→ INFORMATION SUPPLIED:
***
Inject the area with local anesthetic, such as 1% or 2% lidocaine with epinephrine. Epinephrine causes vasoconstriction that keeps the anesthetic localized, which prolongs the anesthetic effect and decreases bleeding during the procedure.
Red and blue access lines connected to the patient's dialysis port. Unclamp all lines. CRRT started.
***
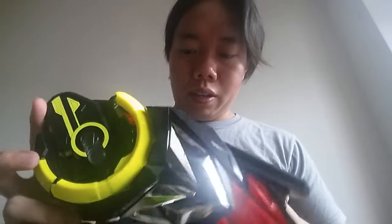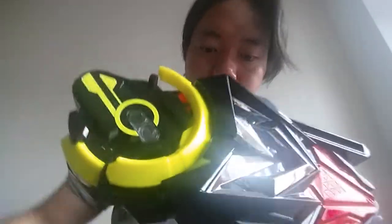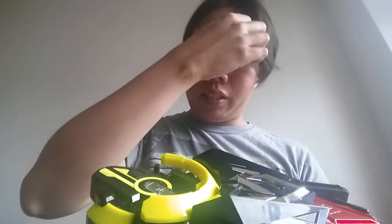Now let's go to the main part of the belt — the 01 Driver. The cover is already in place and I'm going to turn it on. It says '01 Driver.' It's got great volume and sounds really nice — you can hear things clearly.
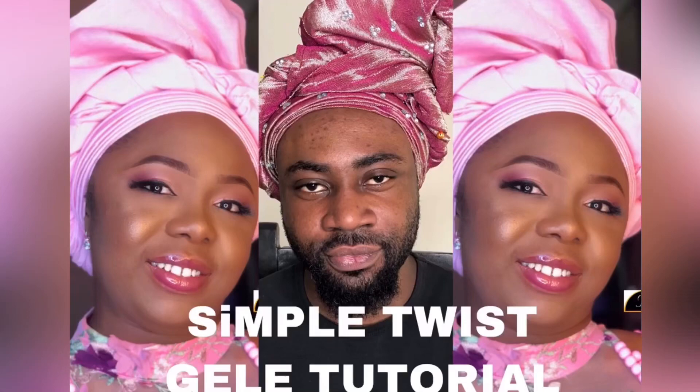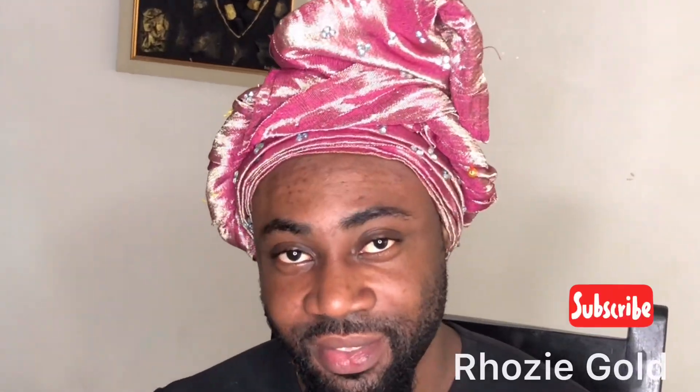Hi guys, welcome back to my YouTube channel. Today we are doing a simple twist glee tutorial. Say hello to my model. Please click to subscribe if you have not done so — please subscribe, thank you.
***
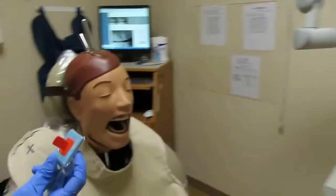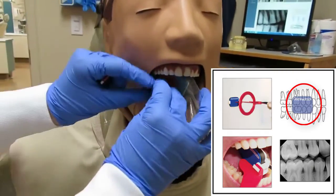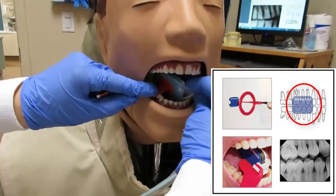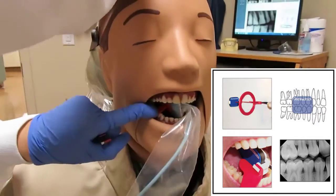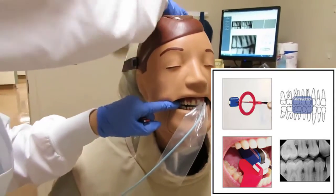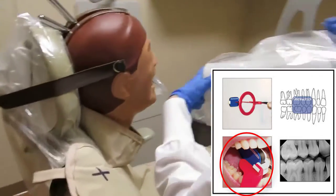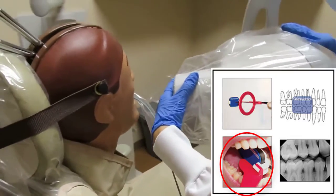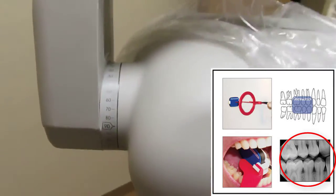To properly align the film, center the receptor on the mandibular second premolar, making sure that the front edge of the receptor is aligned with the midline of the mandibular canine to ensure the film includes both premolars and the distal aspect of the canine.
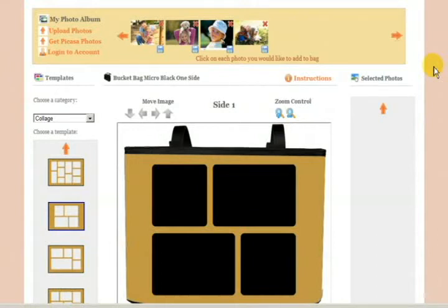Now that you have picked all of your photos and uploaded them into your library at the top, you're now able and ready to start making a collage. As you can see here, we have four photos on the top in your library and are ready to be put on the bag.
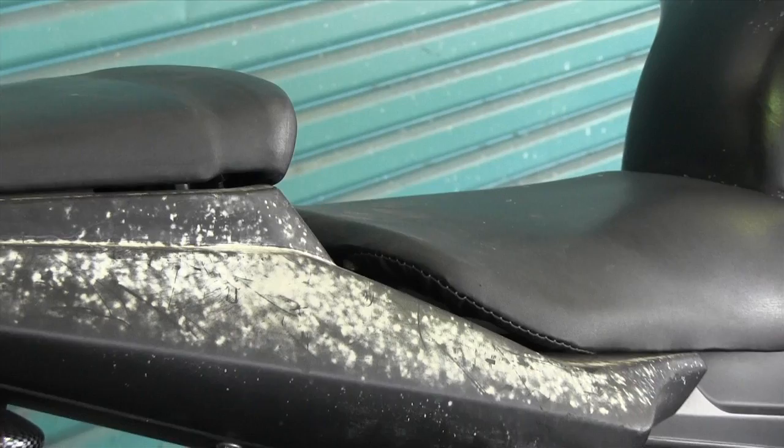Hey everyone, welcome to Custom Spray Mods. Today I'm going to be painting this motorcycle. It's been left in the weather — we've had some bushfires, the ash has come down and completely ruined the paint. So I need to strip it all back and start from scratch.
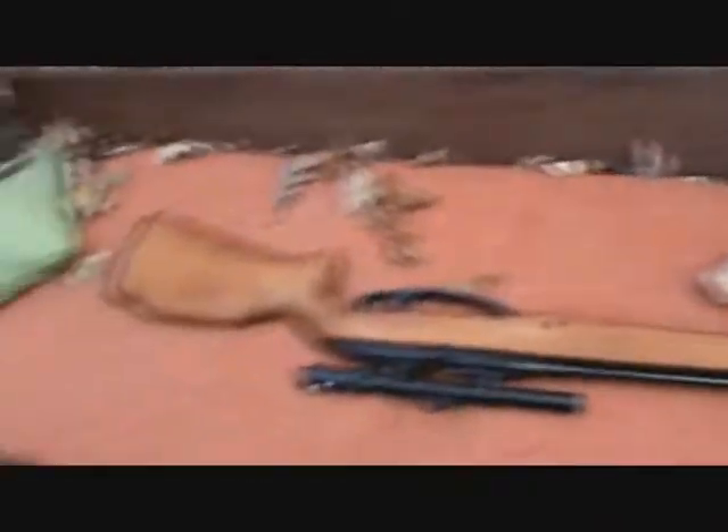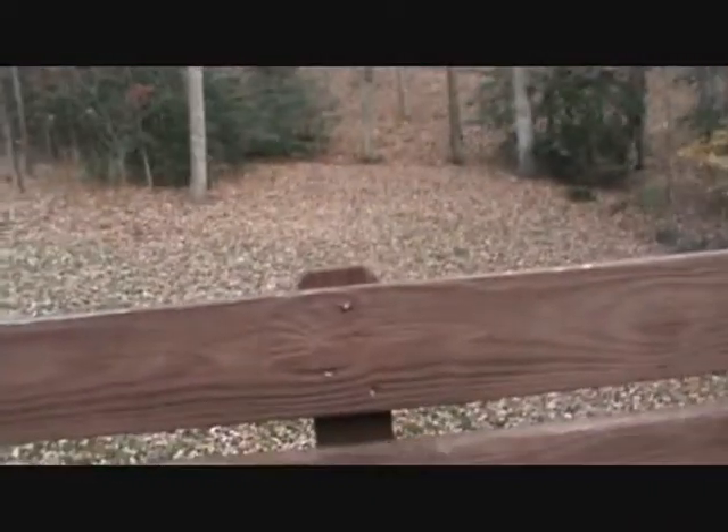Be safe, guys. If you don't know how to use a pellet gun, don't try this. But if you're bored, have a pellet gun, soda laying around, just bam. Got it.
***
→ WHAT TO DO: Among the entries above, copy exactly only the lines starting with the one containing "Inject the area" and going through the one containing "Red and blue", both ends included.

→ TASK RESPONSE:
Inject the area with local anesthetic, such as 1% or 2% lidocaine with epinephrine. Epinephrine causes vasoconstriction that keeps the anesthetic localized, which prolongs the anesthetic effect and decreases bleeding during the procedure.
Red and blue access lines connected to the patient's dialysis port. Unclamp all lines. CRRT started.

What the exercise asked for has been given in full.